In-Development TradeDangerous: power-user trade optimizer

Avi0013 · Jul 19, 2018

Tromador said:
Just as a point I think it's important to make - we (by which I really mean eyeonus) are not in the business of making big changes to TD. The plan was and still is to have a method of getting data into the existing TD, with minimal changes/work in a post-maddavo world. At present we have one stupid bug which is hard to pin down (https://github.com/eyeonus/EDDBlink-listener/issues/7), but once that it resolved, then we will be ready to release. Mission creep into messing with the TD database in any way which "may involve a lot of work" is not one of the project deliverables.

Anything we quasi-programmers can do to help nail that problem down?

MarkAusten · Jul 19, 2018

TD Helper version 2.0.4.2 released here:https://github.com/MarkAusten/TDHelper/releases/tag/v2.0.4.2

Tromador · Jul 19, 2018

MarkAusten said:
Fair point. However I reserve the right to raise it again should it become and issue that I can't solve with a work-around in future.

Frankly, if I knew python better I'd take a look myself but that programming language is not one that I wish to be familiar with.

If we change a load of stuff, maybe - but in this case, the only change was a (now reverted) kludge to workaround a problem created for us. If (as is likely) we've changed nothing, then I imagine we would refer you to the python manual and the source code, like it or not!

Tromador · Jul 19, 2018

Avi0013 said:
Anything we quasi-programmers can do to help nail that problem down?

Mebbe... if you find one where it's not working, you might try testing the SQL manually.

If you see my comment here you could insert the code snippet to debug the SQL - lots of output, so be warned - then use that debug output to give the underlying SQL commands. Then try those manually on the database through a DB app which lets you run arbitrary SQL commands. See if they also fail. Read on in that thread about the INPUT vs UPDATE statements and what/why the difference, so you know what you need to see. Then let us know what happened.

Other than that, point any python guru friends at it and see if they can see something untoward? If eyeonus or my testing showed up anything obvious it would already be fixed. It's rather vexing.

MarkAusten · Jul 19, 2018

Tromador said:
Mebbe... if you find one where it's not working, you might try testing the SQL manually.
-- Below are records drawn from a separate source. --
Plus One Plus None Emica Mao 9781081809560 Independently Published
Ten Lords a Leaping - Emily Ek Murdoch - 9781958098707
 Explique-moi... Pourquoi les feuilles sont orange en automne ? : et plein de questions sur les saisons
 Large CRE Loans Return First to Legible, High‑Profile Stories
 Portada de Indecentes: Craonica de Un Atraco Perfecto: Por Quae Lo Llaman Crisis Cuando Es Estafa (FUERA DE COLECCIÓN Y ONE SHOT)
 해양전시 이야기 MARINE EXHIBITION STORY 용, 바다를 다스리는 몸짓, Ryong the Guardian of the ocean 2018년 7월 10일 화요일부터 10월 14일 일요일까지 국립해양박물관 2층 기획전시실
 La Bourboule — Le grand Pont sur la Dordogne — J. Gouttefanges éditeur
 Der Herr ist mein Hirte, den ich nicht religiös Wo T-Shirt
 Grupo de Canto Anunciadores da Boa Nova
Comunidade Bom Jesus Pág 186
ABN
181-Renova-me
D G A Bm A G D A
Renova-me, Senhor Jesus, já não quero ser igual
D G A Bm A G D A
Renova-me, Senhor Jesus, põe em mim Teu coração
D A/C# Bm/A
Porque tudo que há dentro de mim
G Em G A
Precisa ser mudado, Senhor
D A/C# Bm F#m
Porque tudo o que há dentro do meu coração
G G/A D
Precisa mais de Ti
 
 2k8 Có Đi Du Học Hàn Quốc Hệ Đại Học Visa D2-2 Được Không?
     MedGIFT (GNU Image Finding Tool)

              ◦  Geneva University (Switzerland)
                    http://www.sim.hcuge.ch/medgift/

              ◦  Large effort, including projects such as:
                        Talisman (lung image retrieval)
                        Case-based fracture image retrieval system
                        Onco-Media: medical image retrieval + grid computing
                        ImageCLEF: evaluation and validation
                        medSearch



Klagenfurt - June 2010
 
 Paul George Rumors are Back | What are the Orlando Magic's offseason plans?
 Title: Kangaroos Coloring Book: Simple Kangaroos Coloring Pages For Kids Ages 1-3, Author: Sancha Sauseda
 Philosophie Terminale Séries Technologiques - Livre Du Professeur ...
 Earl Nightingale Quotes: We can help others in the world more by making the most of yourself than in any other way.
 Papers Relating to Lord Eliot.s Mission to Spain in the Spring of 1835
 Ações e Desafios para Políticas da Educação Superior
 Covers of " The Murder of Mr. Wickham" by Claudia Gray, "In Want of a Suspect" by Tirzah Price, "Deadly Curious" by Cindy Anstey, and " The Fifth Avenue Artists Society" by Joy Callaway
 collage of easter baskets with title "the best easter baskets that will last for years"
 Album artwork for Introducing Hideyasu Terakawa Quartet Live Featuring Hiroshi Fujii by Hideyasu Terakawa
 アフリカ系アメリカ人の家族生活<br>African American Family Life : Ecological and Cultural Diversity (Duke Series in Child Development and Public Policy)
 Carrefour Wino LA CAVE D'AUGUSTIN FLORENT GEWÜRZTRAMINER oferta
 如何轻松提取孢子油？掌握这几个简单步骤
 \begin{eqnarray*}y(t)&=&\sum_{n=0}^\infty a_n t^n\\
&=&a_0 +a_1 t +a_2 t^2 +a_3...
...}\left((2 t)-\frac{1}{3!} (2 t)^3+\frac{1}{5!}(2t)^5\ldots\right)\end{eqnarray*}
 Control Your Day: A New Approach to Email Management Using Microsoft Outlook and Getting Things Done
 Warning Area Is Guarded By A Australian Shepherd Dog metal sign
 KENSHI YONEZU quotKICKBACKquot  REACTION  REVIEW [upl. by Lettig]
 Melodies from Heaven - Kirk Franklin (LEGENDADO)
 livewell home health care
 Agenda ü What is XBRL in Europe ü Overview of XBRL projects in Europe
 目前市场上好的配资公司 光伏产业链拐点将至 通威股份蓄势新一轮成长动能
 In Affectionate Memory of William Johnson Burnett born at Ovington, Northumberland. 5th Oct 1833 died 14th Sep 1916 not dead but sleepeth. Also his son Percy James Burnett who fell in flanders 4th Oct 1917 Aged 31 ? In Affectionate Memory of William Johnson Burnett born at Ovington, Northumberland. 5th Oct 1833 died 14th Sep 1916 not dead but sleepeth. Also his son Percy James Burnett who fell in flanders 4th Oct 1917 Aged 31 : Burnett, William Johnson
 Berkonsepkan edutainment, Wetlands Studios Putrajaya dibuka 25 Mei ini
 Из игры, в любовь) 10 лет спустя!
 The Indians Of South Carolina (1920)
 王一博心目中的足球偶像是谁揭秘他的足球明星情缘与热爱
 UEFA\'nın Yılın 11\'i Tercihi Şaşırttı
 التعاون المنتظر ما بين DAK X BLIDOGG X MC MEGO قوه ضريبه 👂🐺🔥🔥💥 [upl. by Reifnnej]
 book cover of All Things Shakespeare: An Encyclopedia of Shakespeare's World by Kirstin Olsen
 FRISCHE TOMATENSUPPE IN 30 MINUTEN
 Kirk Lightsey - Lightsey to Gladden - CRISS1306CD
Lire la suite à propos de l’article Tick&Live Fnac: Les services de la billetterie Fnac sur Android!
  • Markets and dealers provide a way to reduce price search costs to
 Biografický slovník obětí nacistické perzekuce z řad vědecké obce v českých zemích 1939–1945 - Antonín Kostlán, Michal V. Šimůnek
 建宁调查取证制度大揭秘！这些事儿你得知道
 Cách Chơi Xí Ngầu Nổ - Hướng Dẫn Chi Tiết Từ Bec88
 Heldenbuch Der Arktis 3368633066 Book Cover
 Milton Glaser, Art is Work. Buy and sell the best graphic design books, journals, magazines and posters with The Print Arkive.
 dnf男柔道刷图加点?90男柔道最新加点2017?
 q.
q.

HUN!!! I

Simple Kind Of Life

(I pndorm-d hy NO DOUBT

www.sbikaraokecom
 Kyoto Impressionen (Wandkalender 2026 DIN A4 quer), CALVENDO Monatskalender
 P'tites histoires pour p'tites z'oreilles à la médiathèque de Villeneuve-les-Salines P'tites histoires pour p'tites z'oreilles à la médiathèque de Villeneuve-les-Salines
If you see my comment here you could insert the code snippet to debug the SQL - lots of output, so be warned - then use that debug output to give the underlying SQL commands. Then try those manually on the database through a DB app which lets you run arbitrary SQL commands. See if they also fail. Read on in that thread about the INPUT vs UPDATE statements and what/why the difference, so you know what you need to see. Then let us know what happened.

Other than that, point any python guru friends at it and see if they can see something untoward? If eyeonus or my testing showed up anything obvious it would already be fixed. It's rather vexing.

I wonder if it is the use of the exception on insert that is the cause of the problem. For testing purposes it would be interesting to see what happens if you use the much slower method of checking to see if the record exists and then inserting or updating as appropriate. If that works then it narrows the problem down to the use of the exception as decision logic and that perhaps being slightly different between different computers.

eyeonus · Jul 22, 2018

MarkAusten said:
Has something changed with the Trade Dangerous database schema or data? With the tradedangerous.db file from Thursday last week TD Helper runs fine but if I update the database or delete it and create a new one, TD Helper throws an error:

Code:

Failed to enable constraints. One or more rows contain values violating non-null, unique, or foreign-key constraints.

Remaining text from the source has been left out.